Sebelum Islam/Kristen dikenal dan berkembang di wilayah tersebut, masyarakat Angkola masih percaya akan kepercayaan Sipelebegu atau pemujaan roh-roh leluhur. Salah satu bukti tinggalannya adalah makam kuno yang berupa tanah-tanah gundukan yang sekelilingnya dibatasi oleh batu-batu pipih.
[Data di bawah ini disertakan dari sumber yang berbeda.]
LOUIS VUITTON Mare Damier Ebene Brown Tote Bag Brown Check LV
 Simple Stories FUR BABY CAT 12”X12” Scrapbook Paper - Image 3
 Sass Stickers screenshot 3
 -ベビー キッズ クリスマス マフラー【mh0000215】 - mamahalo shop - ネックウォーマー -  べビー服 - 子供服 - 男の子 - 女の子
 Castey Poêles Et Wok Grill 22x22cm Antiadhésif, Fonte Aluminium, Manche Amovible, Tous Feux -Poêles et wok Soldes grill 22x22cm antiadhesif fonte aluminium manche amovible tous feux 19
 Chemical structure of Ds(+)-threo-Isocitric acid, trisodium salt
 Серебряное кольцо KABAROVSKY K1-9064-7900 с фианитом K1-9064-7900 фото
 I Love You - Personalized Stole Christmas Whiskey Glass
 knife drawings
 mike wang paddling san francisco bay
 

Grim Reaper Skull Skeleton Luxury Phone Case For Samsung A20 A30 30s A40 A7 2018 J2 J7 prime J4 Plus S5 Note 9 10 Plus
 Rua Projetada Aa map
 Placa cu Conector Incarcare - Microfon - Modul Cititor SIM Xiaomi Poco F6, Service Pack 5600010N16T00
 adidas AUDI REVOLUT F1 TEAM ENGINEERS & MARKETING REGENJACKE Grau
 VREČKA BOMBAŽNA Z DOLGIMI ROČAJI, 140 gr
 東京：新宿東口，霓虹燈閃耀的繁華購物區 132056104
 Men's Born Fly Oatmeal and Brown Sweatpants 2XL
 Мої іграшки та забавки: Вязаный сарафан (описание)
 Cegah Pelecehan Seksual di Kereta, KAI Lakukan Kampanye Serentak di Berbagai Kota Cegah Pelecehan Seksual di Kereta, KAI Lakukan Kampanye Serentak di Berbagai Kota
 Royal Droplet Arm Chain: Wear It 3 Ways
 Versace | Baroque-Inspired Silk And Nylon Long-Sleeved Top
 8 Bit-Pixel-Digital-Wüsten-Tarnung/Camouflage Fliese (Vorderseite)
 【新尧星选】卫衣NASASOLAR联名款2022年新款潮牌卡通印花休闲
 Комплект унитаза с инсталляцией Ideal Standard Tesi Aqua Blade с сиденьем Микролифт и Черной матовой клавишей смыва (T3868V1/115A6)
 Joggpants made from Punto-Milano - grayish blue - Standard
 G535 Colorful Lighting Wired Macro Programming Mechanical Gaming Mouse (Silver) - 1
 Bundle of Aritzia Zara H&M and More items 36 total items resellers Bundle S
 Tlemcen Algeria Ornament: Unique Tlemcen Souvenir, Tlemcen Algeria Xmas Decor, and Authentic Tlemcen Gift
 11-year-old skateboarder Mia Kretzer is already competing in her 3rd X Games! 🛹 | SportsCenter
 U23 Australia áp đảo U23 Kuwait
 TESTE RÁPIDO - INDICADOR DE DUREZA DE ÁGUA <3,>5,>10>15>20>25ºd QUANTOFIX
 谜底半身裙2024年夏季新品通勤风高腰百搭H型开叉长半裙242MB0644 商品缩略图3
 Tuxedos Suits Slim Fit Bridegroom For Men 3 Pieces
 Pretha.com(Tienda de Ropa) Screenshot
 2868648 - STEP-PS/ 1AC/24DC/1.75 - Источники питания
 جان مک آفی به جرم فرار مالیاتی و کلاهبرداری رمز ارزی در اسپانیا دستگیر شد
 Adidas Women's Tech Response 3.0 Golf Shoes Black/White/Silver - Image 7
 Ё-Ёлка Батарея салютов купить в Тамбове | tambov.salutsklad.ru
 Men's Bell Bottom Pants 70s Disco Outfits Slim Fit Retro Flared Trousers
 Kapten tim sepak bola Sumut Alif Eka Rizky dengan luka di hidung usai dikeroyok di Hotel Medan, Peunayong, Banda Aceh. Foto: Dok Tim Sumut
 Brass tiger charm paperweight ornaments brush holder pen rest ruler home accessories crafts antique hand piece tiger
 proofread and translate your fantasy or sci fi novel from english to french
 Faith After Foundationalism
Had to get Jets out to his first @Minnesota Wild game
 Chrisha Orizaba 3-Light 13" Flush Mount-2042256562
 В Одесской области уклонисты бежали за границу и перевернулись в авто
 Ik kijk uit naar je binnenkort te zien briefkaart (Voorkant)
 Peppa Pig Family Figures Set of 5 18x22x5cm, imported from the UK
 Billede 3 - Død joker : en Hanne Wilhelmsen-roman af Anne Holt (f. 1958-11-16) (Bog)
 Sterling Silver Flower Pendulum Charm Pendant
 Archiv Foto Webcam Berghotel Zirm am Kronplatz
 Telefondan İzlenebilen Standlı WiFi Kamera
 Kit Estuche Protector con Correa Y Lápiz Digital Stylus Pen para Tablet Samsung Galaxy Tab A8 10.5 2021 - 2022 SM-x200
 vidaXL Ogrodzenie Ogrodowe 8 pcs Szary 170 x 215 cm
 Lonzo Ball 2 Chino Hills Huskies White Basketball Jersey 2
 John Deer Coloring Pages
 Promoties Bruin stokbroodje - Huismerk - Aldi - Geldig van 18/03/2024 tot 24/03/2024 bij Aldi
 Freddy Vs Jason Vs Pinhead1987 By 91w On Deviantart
Bukti keberadaan makam-makam kuno tersebut dapat dilihat salah satunya dari tinggalan marga Harahap, yaitu kompleks makam kuno Sutan Nasinok Harahap.
Kompleks makam kuno Sutan Nasinok Harahap tepatnya berada di Desa Gunung Tua Batang Onang, Kecamatan Batang Onang, Kabupaten Padang Lawas Utara, Provinsi Sumatera Utara.
Menurut Nasoichah, dkk 2020 dalam publikasinya berjudul 'Konteks Penguburan Kompleks Makam Kuno Sutan Nasinok Harahap' yang diterbitkan di Jurnal Forum Arkeologi Volume 33 Nomor 2 2020 terdapat lebih dari 60 gundukan makam kuno di area tersebut. Kondisi makam-makam tersebut saat ini masih baik namun beberapa sudah hilang karena aktivitas perkebunan sawit.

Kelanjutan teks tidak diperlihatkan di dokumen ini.